Stored data —
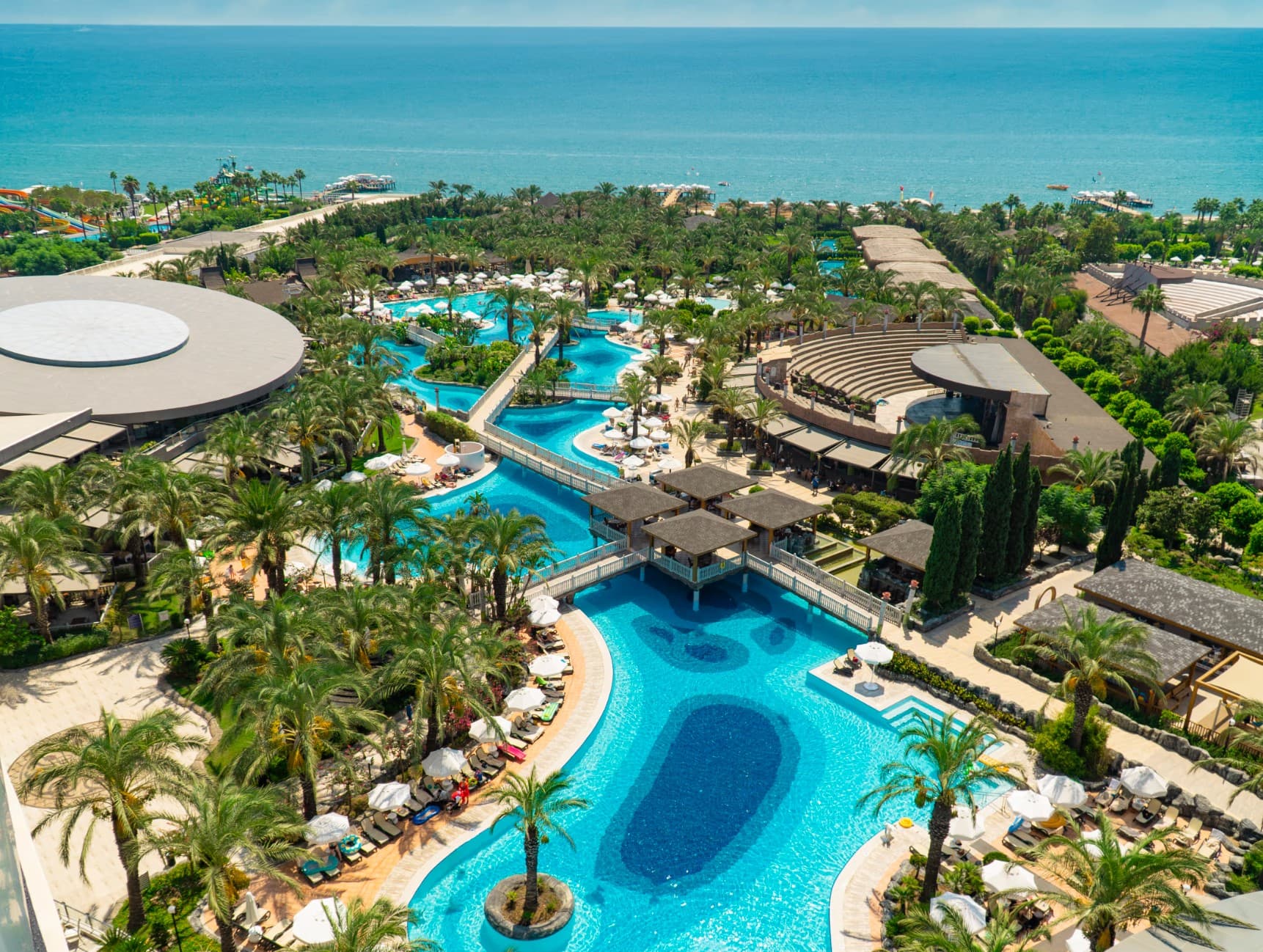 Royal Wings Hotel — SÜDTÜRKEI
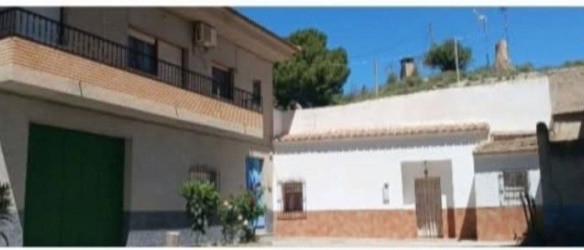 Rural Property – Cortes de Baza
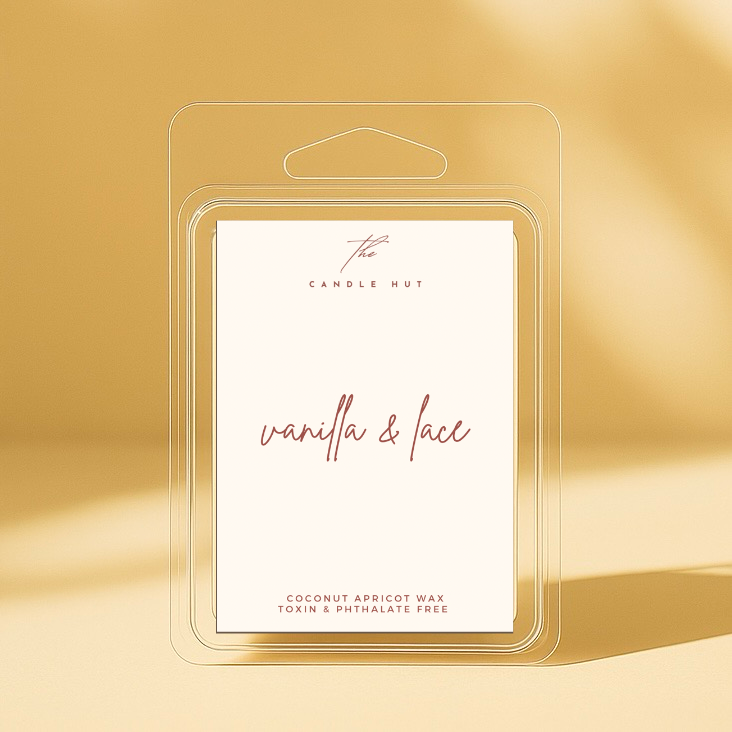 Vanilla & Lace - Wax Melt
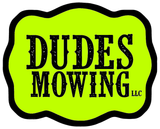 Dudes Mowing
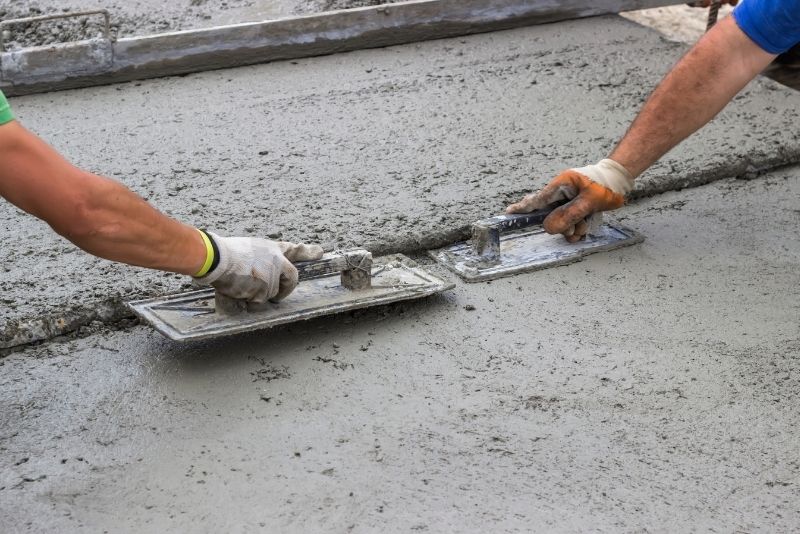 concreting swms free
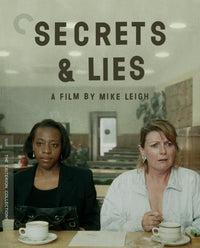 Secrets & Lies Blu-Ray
---
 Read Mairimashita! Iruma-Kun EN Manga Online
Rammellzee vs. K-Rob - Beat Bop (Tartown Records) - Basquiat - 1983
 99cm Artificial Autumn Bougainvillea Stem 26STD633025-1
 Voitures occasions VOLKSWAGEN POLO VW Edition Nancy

Task prompt —
In the material above, the stretch from the line with "Royal Wings Hotel — SÜDTÜRKEI" through the line with "Secrets & Lies Blu-Ray" is to be given again exactly, minus the pictures.

Response —
 Royal Wings Hotel — SÜDTÜRKEI
 Rural Property – Cortes de Baza
 Vanilla & Lace - Wax Melt
 Dudes Mowing
 concreting swms free
 Secrets & Lies Blu-Ray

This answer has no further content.